Carmanor (deity)

In Greek mythology, Carmanor or Karmanor (Greek: Καρμάνωρ, Karmánōr) was a Cretan demi-god related to the harvest; his name might derive from keiro, "to cut/shear" (but see below).

Mythology

Carmanor was the Lord of Tarrha, Crete (in the Greek Aegean) and the Cretan consort to Demeter in Greek mythology,[1] with whom he had a son, Euboulos, the patron of ploughing, and a daughter Chrysothemis[2], a singer.

Carmanor's granddaughter, who shares the same powers and function and name origin, was named Karme (Carme). The name Karmanor could contain a reference to her name, simply meaning "the man of Karme", an epithet with the masculine -or suffix[3] describing his role; Karmanor was a double of Iacchus, the consort of Demeter, and was the purifier of Apollo after he had slain the earth-dragon Pytho, that possessed Delphi. "The name does not appear to be Greek", observed Walter Burkert of Karmanor.[4]

References

  1. Kerenyi 1970, p. 412.
  2. "Chrysothemis". Theoi.
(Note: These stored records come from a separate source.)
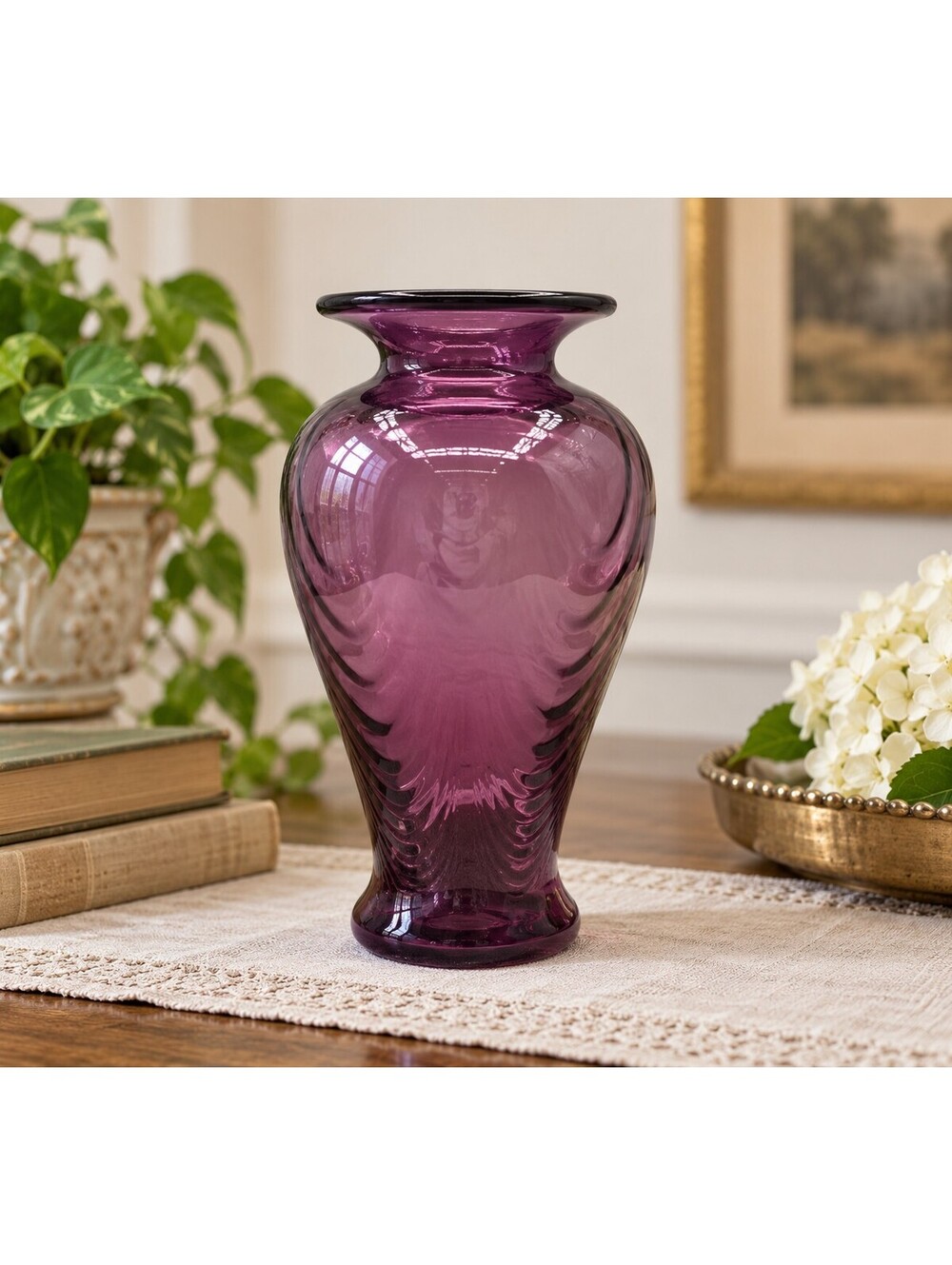Vintage Fenton Plum Amethyst Pulled Feather Vase MMA Metropolitan Museum Art 9"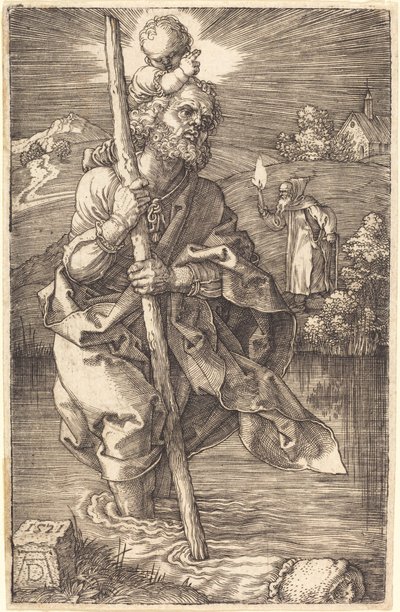 Sint Christoffel naar rechts door Albrecht Dürer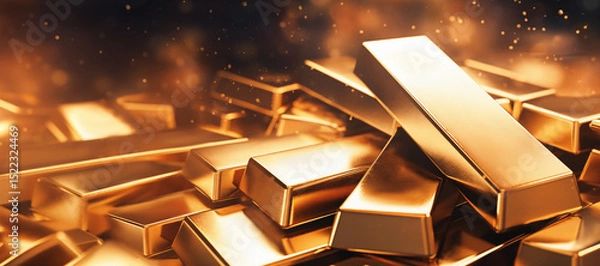 Fototapeta Stacking numerous gold bars together, creating an impressive display of wealth and abundance, radiating luxury and prosperity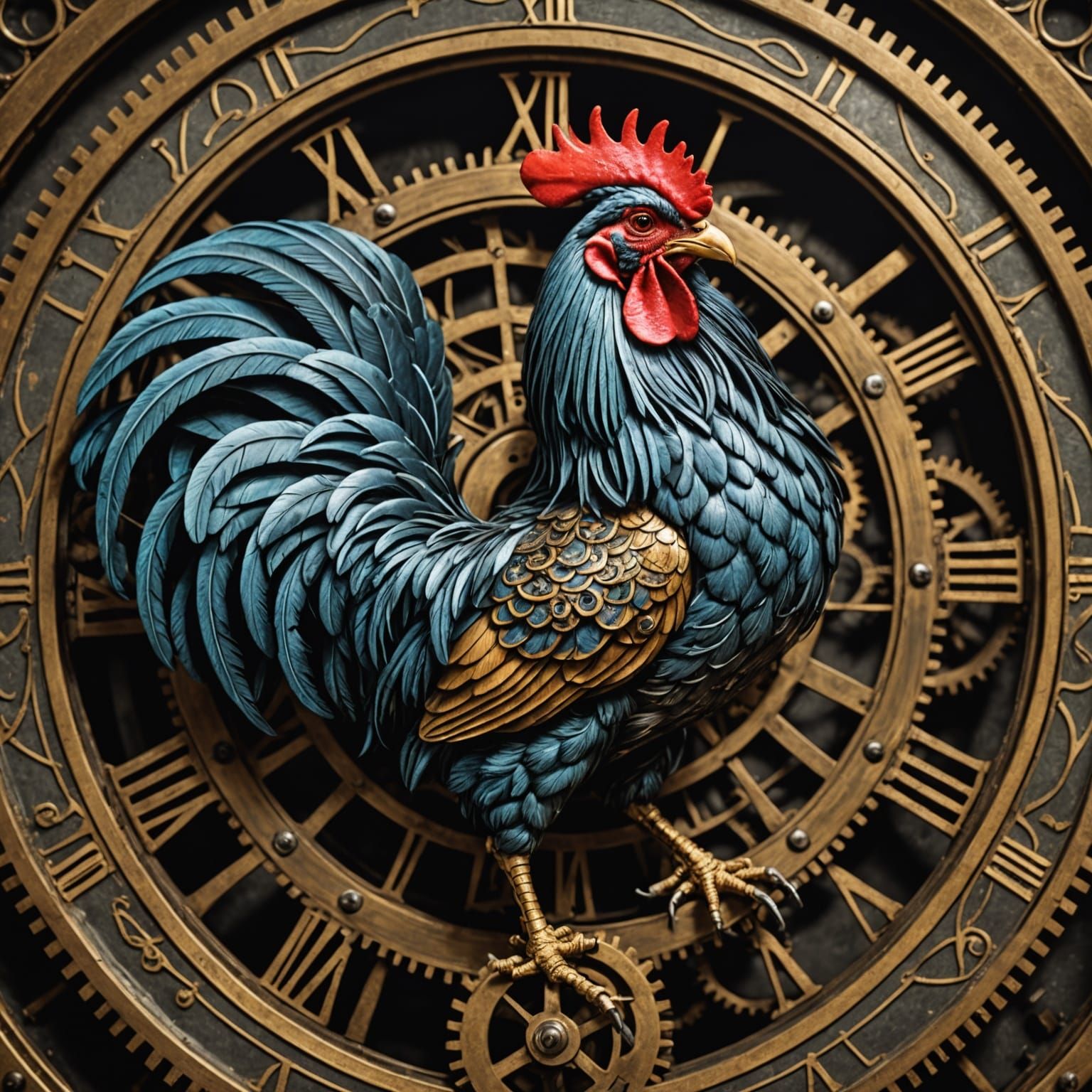 Hyperrealistic Clockwork Cockerel in HDR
Aaron J. Atsma.
  3. Compare Antenor etc.
  4. Burkert, The Orientalizing Revolution: Near Eastern Influence on Greek Culture in the Early Archaic Age Harvard University Press (1992:63); for the root krm as West Semitic "vineyard", see Stanislav Segert, A Basic Grammar of the Ugaritic Language, s.v. "krm", with comparisons in Hebrew, Syrian and Arabic.